> _Assigned task_
Retype the records below exactly as they appear, but leave out any pictures.

Pictures with short captions:
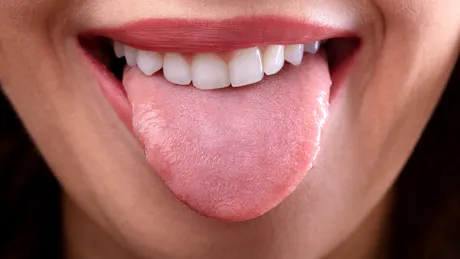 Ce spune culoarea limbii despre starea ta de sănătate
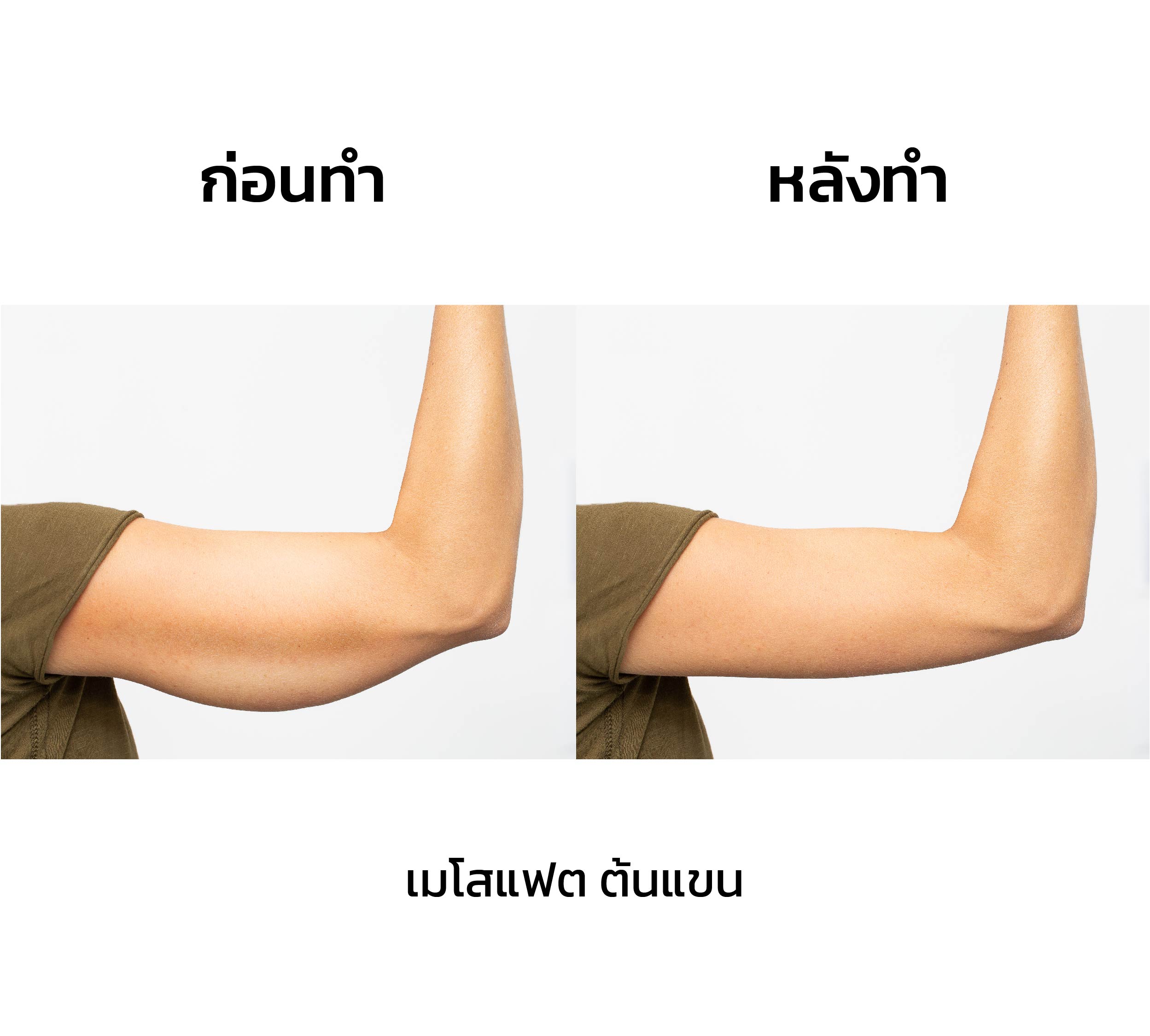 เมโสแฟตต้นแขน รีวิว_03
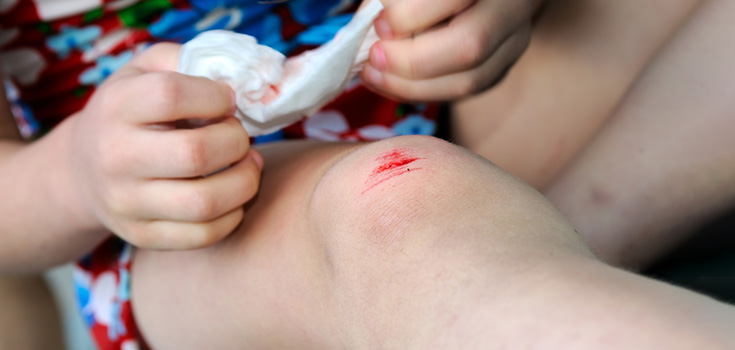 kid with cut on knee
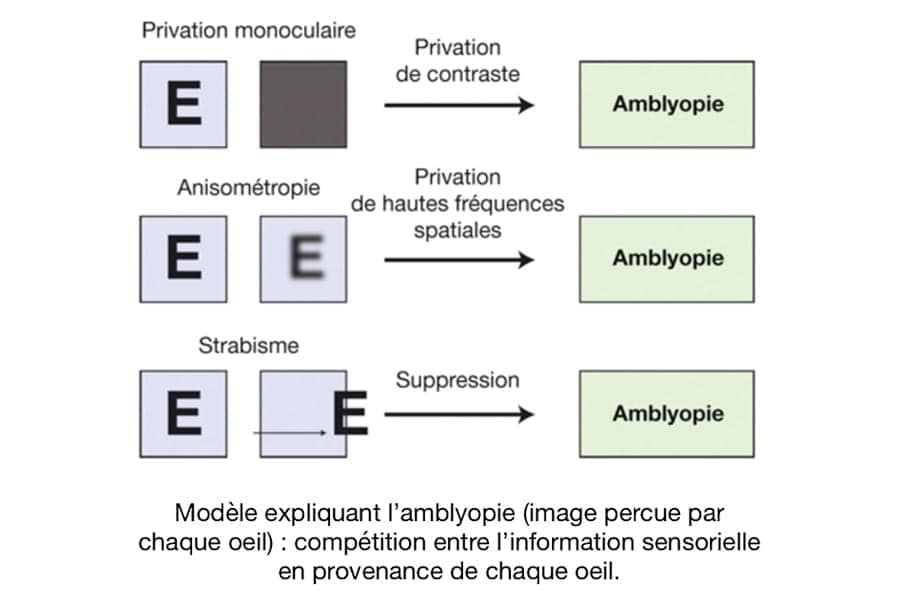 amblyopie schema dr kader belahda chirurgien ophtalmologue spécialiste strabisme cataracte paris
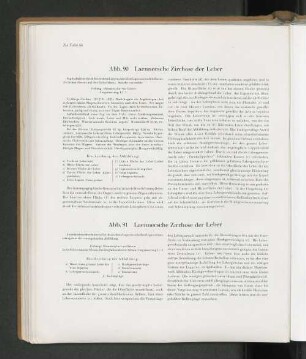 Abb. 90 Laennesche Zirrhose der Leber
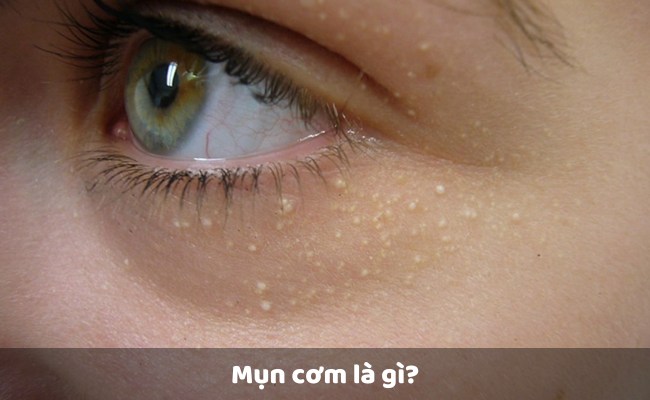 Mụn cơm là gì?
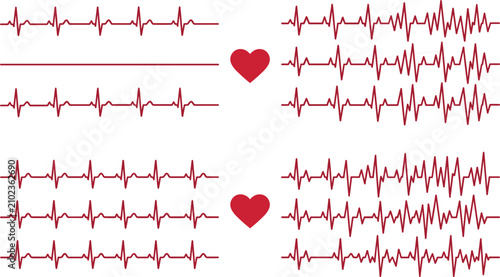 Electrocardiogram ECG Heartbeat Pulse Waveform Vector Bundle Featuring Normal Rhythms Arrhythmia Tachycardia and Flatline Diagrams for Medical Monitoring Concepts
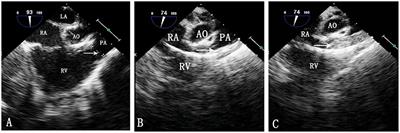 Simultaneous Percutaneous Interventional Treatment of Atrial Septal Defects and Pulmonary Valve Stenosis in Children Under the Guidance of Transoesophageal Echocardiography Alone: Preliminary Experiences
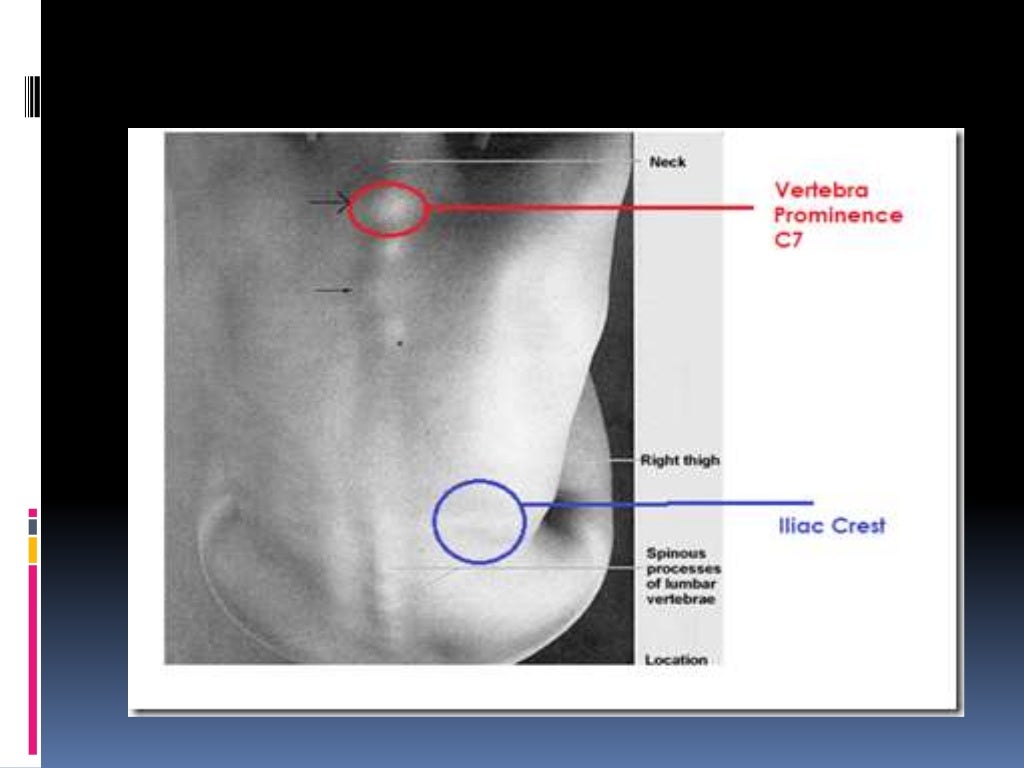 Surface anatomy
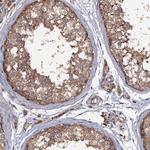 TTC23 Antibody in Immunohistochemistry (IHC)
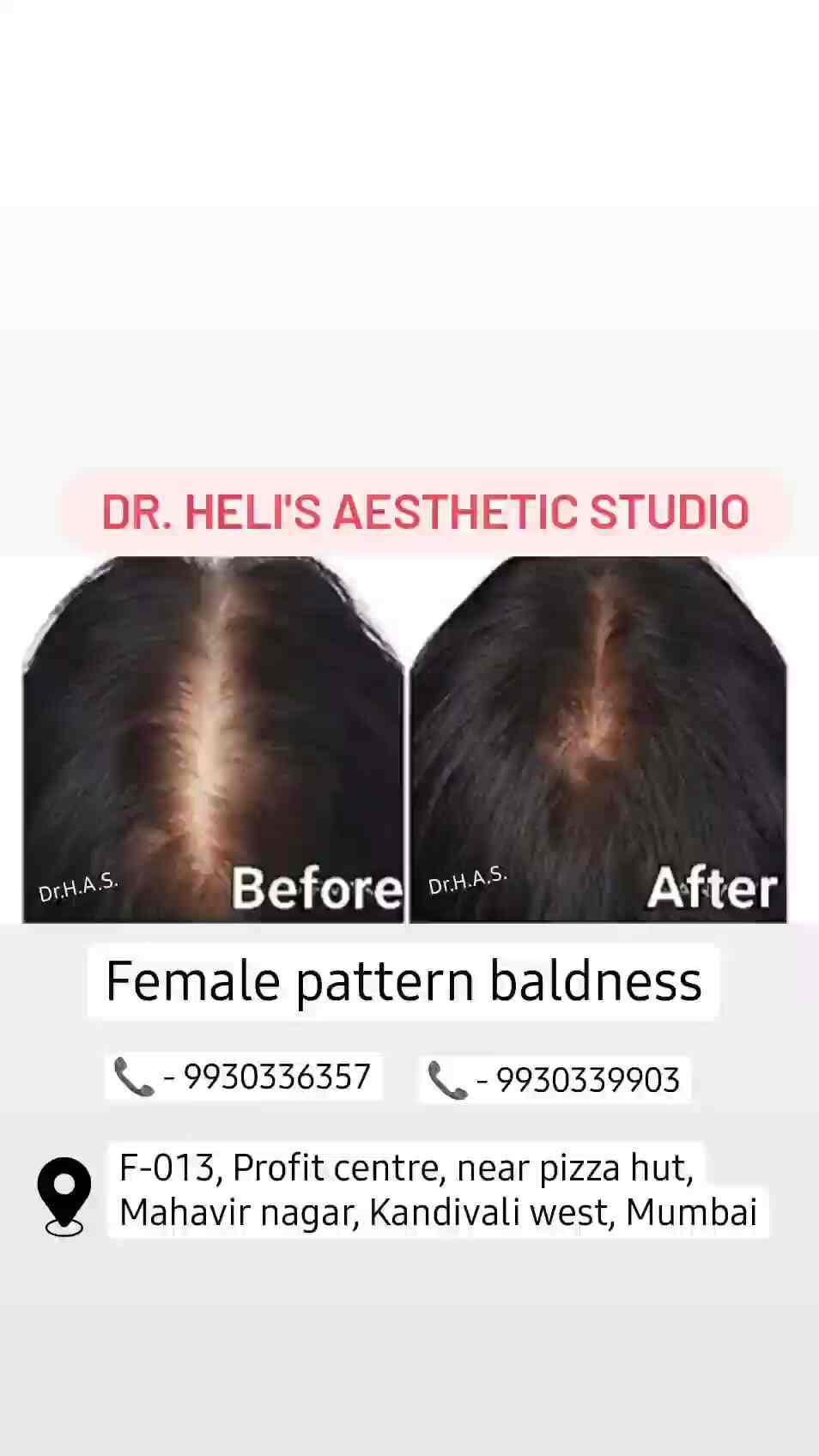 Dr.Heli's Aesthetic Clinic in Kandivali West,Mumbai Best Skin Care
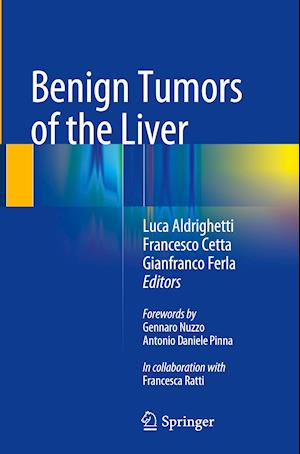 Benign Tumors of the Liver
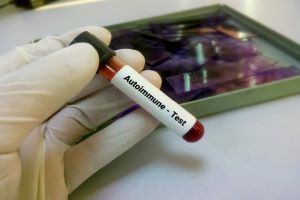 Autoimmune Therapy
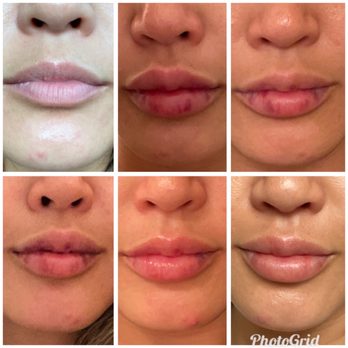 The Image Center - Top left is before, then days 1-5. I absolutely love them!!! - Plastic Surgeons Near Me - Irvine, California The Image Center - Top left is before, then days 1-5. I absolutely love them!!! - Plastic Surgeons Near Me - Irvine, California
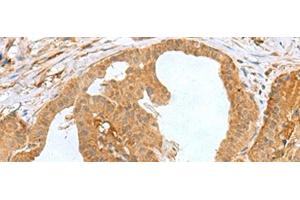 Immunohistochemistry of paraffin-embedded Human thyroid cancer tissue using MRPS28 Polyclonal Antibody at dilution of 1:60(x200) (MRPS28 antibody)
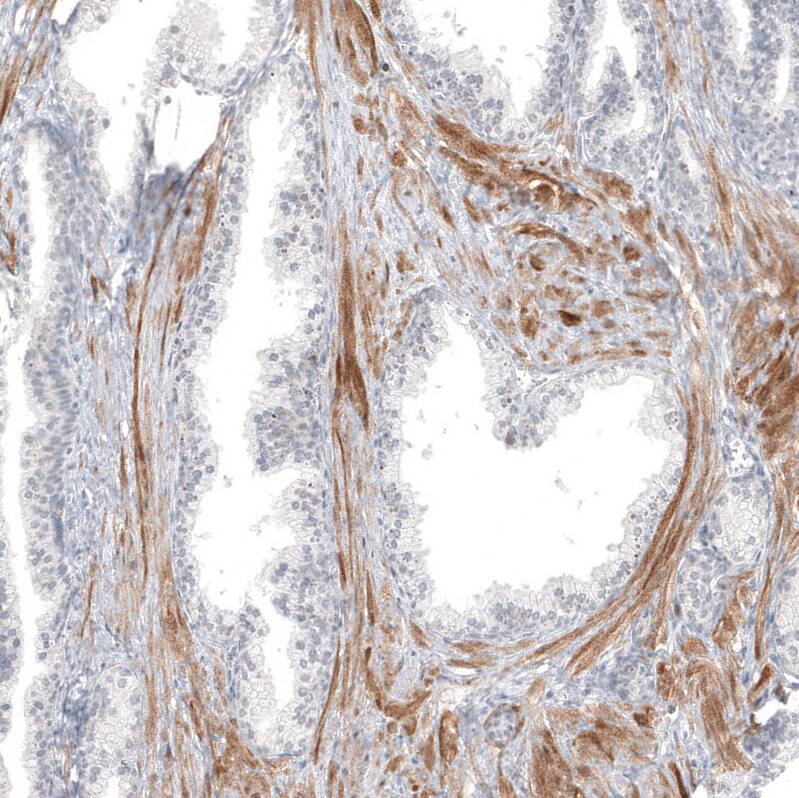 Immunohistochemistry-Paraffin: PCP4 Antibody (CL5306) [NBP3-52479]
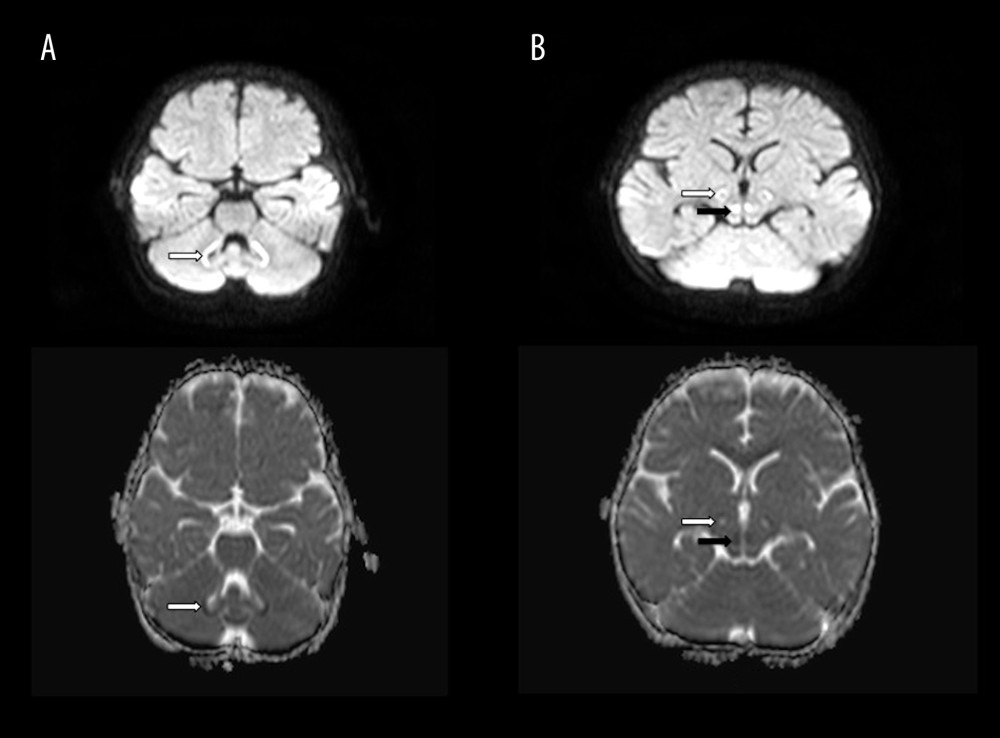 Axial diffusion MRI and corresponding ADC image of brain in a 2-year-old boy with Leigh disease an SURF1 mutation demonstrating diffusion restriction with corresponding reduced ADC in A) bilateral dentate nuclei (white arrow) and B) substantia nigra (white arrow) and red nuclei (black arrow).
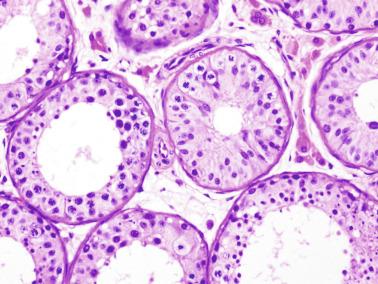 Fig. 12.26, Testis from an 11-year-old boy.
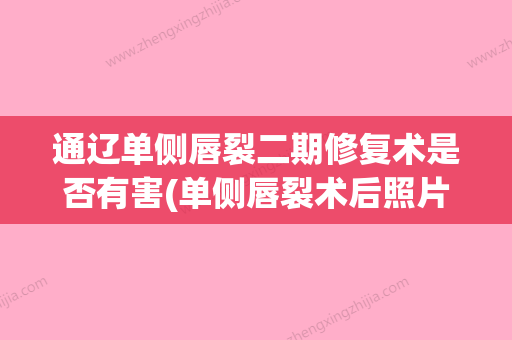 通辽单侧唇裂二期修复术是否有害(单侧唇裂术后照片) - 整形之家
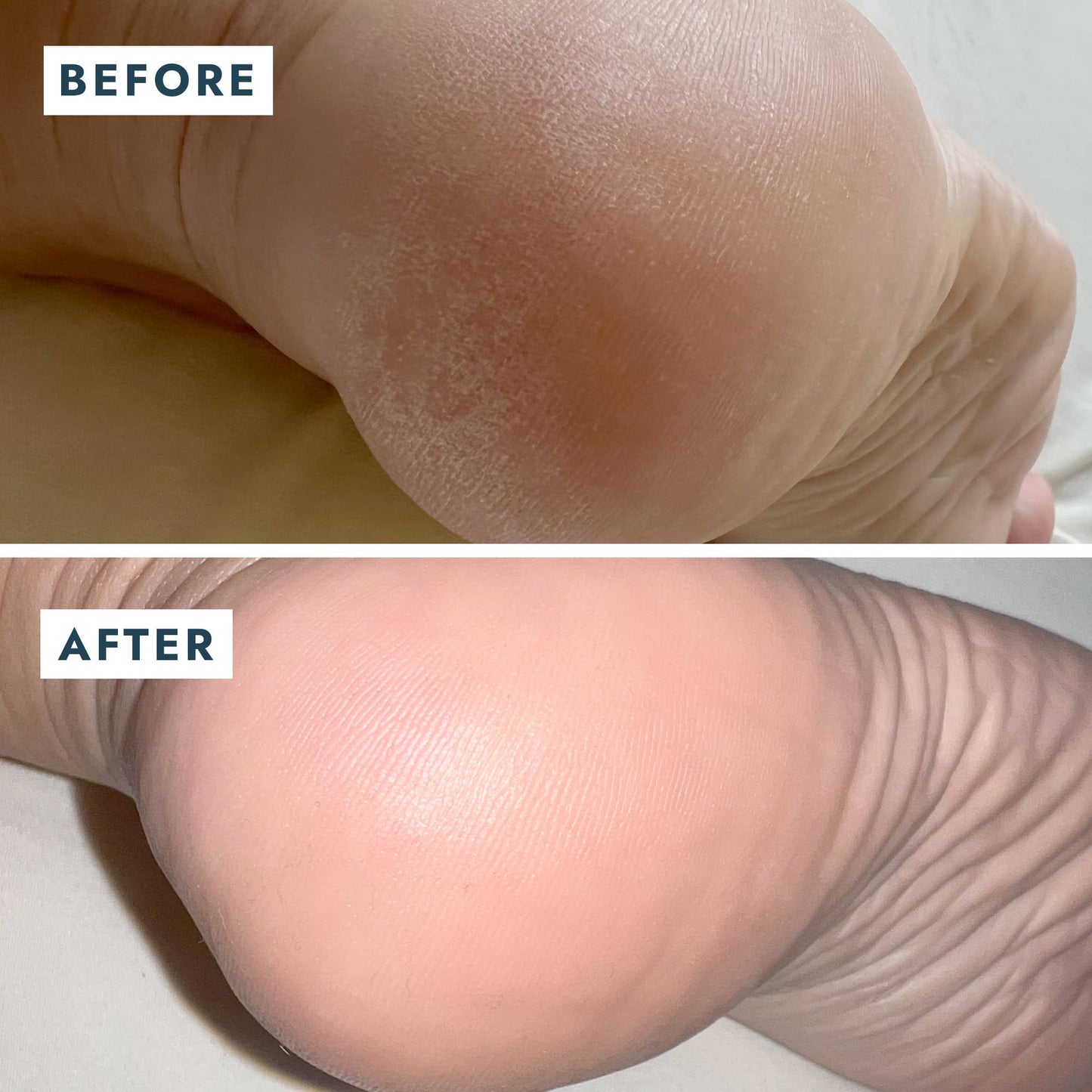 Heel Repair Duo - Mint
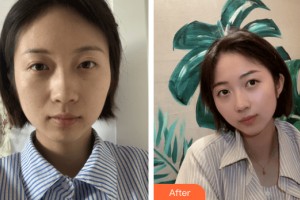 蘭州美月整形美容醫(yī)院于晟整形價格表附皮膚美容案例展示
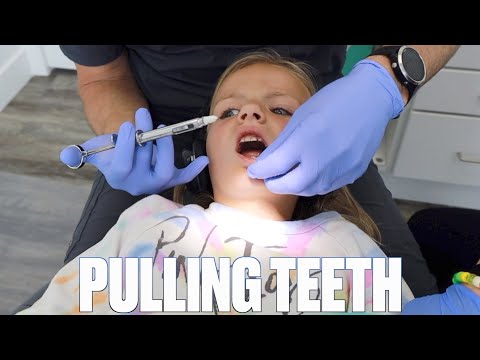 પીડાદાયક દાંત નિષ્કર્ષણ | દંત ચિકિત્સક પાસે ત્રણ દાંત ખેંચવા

> _Exercise solution_
 Ce spune culoarea limbii despre starea ta de sănătate
 เมโสแฟตต้นแขน รีวิว_03
 kid with cut on knee
 amblyopie schema dr kader belahda chirurgien ophtalmologue spécialiste strabisme cataracte paris
 Abb. 90 Laennesche Zirrhose der Leber
 Mụn cơm là gì?
 Electrocardiogram ECG Heartbeat Pulse Waveform Vector Bundle Featuring Normal Rhythms Arrhythmia Tachycardia and Flatline Diagrams for Medical Monitoring Concepts
 Simultaneous Percutaneous Interventional Treatment of Atrial Septal Defects and Pulmonary Valve Stenosis in Children Under the Guidance of Transoesophageal Echocardiography Alone: Preliminary Experiences
 Surface anatomy
 TTC23 Antibody in Immunohistochemistry (IHC)
 Dr.Heli's Aesthetic Clinic in Kandivali West,Mumbai Best Skin Care
 Benign Tumors of the Liver
 Autoimmune Therapy
 The Image Center - Top left is before, then days 1-5. I absolutely love them!!! - Plastic Surgeons Near Me - Irvine, California The Image Center - Top left is before, then days 1-5. I absolutely love them!!! - Plastic Surgeons Near Me - Irvine, California
 Immunohistochemistry of paraffin-embedded Human thyroid cancer tissue using MRPS28 Polyclonal Antibody at dilution of 1:60(x200) (MRPS28 antibody)
 Immunohistochemistry-Paraffin: PCP4 Antibody (CL5306) [NBP3-52479]
 Axial diffusion MRI and corresponding ADC image of brain in a 2-year-old boy with Leigh disease an SURF1 mutation demonstrating diffusion restriction with corresponding reduced ADC in A) bilateral dentate nuclei (white arrow) and B) substantia nigra (white arrow) and red nuclei (black arrow).
 Fig. 12.26, Testis from an 11-year-old boy.
 通辽单侧唇裂二期修复术是否有害(单侧唇裂术后照片) - 整形之家
 Heel Repair Duo - Mint
 蘭州美月整形美容醫(yī)院于晟整形價格表附皮膚美容案例展示
 પીડાદાયક દાંત નિષ્કર્ષણ | દંત ચિકિત્સક પાસે ત્રણ દાંત ખેંચવા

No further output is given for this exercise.